The attached example can be built and run using maven, i.e. “mvn install exec:exec” It’s running DROOLS in stream mode using a real-time clock and using EQUALITY equals behavior. The input to the rules are events that are identified by their eventId (a long value) and a state enumeration having 3 possible values: ACTIVE, INACTIVE and ACCEPTED. The rules are supposed to work like this:

1. If an event is received with a state of ACTIVE and no event having that eventId has been captured, then capture the event data in a new fact (CapturedEvent) and delete the event.
2. If an event is received with a state of INACTIVE and an event having the same eventId has previously been captured, then delete the CapturedEvent fact.
3. If, after 10 seconds the CapturedEvent fact is still there then set its state to ACCEPTED.
4. All other events  facts are deleted.

Not a real useful example, but it does demonstrate either a memory leak or a poorly written set of rules.

After creating the KieSession in streams mode, the demo starts inserting event facts every 5ms. There are 1000 different eventIds - each iteration of events being inserted sends one event with each eventId. Initially the events state is set to ACTIVE. Periodically the events state is set to INACTIVE for one iteration, then back to ACTIVE. The intent is that 1000 different events will, 10 seconds after they’re first inserted, transition from ACTIVE to ACCEPTED. Then shortly after the INACTIVE events are sent and all 1000 CapturedEvent facts are deleted. The cycle then repeats until 500,000 events have been inserted into the session. Because all events are deleted by one of the rules, at the end of the run there should be 1000 facts of type CapturedEvent in the session since the final iteration of events all have a state of ACTIVE.

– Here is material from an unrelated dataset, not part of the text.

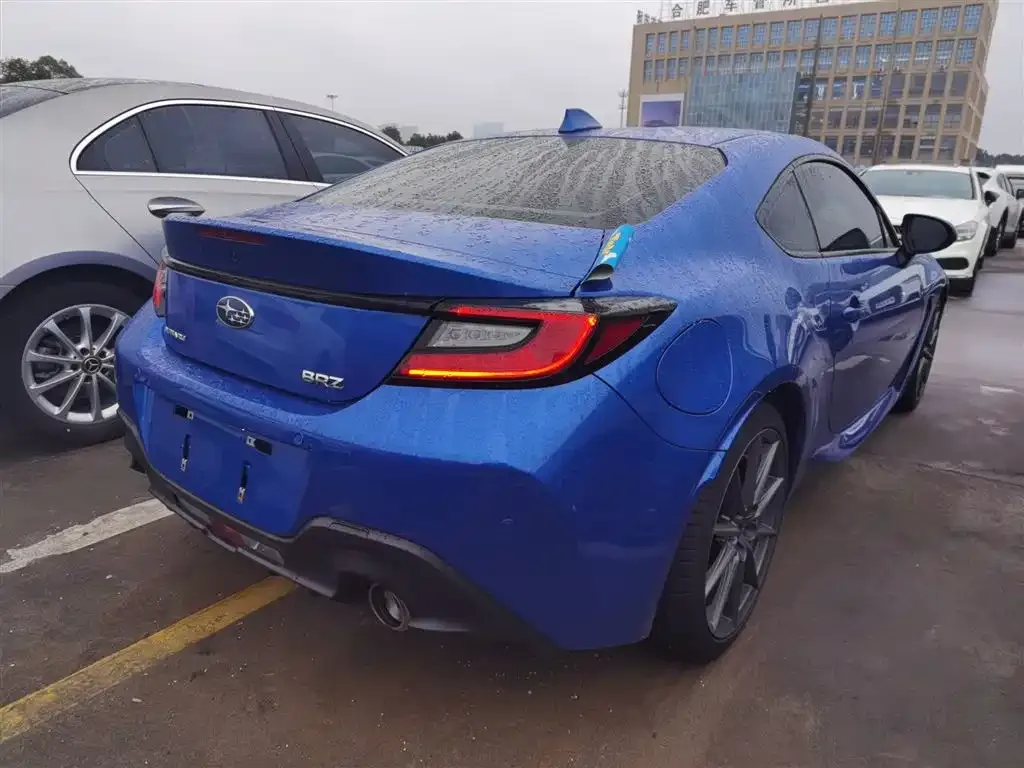Subaru BRZ 2023 из CN, фото 10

For example, the set of events look something like this:

Time ID State
0.000s 0 ACTIVE
0.005s 1 ACTIVE
0.010s 2 ACTIVE
4.995s 999 ACTIVE
5.000s 0 ACTIVE
5.005s 1 ACTIVE
9.995s 999 ACTIVE
10.000s 0 ACTIVE
10.005s 1 ACTIVE
14.995s 999 ACTIVE
15.000s 0 INACTIVE
15.005s 1 INACTIVE
15.010s 2 INACTIVE
19.995s 999 INACTIVE
20.000s 0 ACTIVE

and so on until a total of 500,000 events are inserted. Each iteration of 1000 events takes 5 seconds. So basically the first three iterations the events are ACTIVE then the fourth iteration the events are INACTIVE, then three more iterations of ACTIVE, etc.

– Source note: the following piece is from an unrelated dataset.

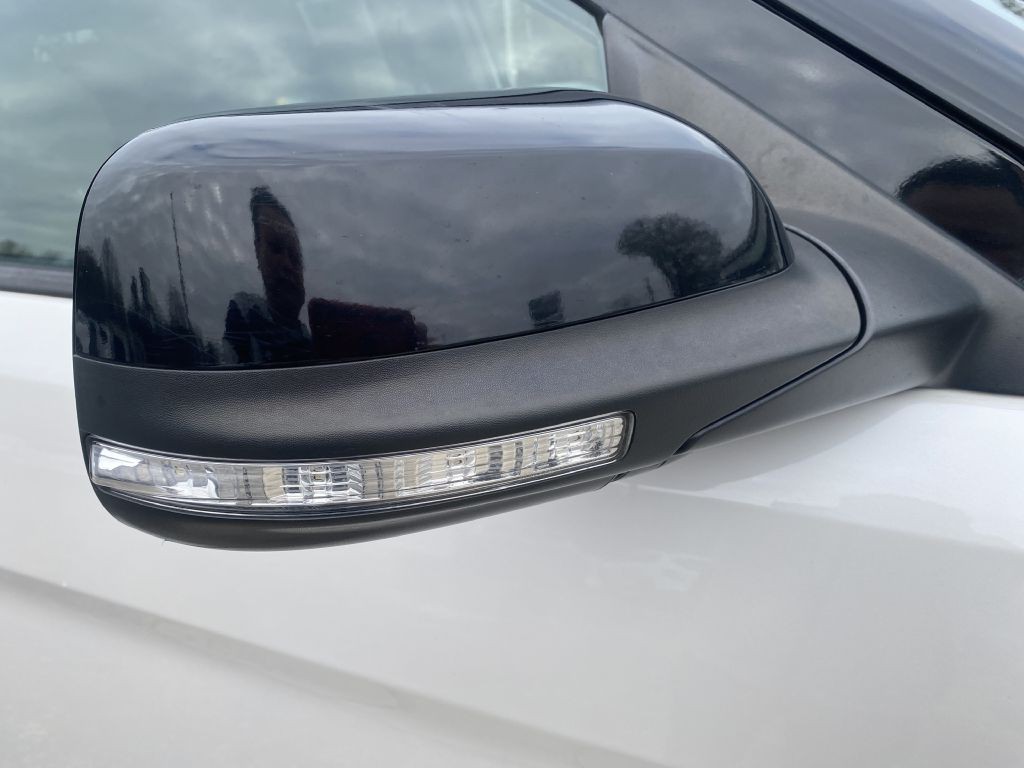 2016 Ford Explorer Image 10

What actually happens is that the rules actually work but only once for each ID. So, for example, the first insert of event ID 0 with state of ACTIVE matches the “capture active” rule as expected. The second insert of event ID 0 with state of ACTIVE matches the “delete events” rule. 10 seconds after the first event with ID 0 arrives, the “ensure active” rule matches. The third ACTIVE event also matches the “delete event” rule. When the fourth event with ID 0 and state INACTIVE is inserted that matches the “restart timer” rule which deletes the CapturedEvent fact. When the next event with ID 0 and state ACTIVE is inserted, I expected the “capture active” rule to fire because the CapturedEvent fact was deleted. But instead the “delete events” rule matches, and from this point on all events trigger the “delete events” rule.

After garbage collection, analysis of the heap dump shows there are 248,000 instances of org.drools.core.reteoo.RightTuple objects and the same number of org.drools.core.common.PhreakPropagationContext objects. Also, there are 124,000 instances of org.drools.core.common.EventFactHandle objects, even though the reported fact count is 0.

The demo project is attached.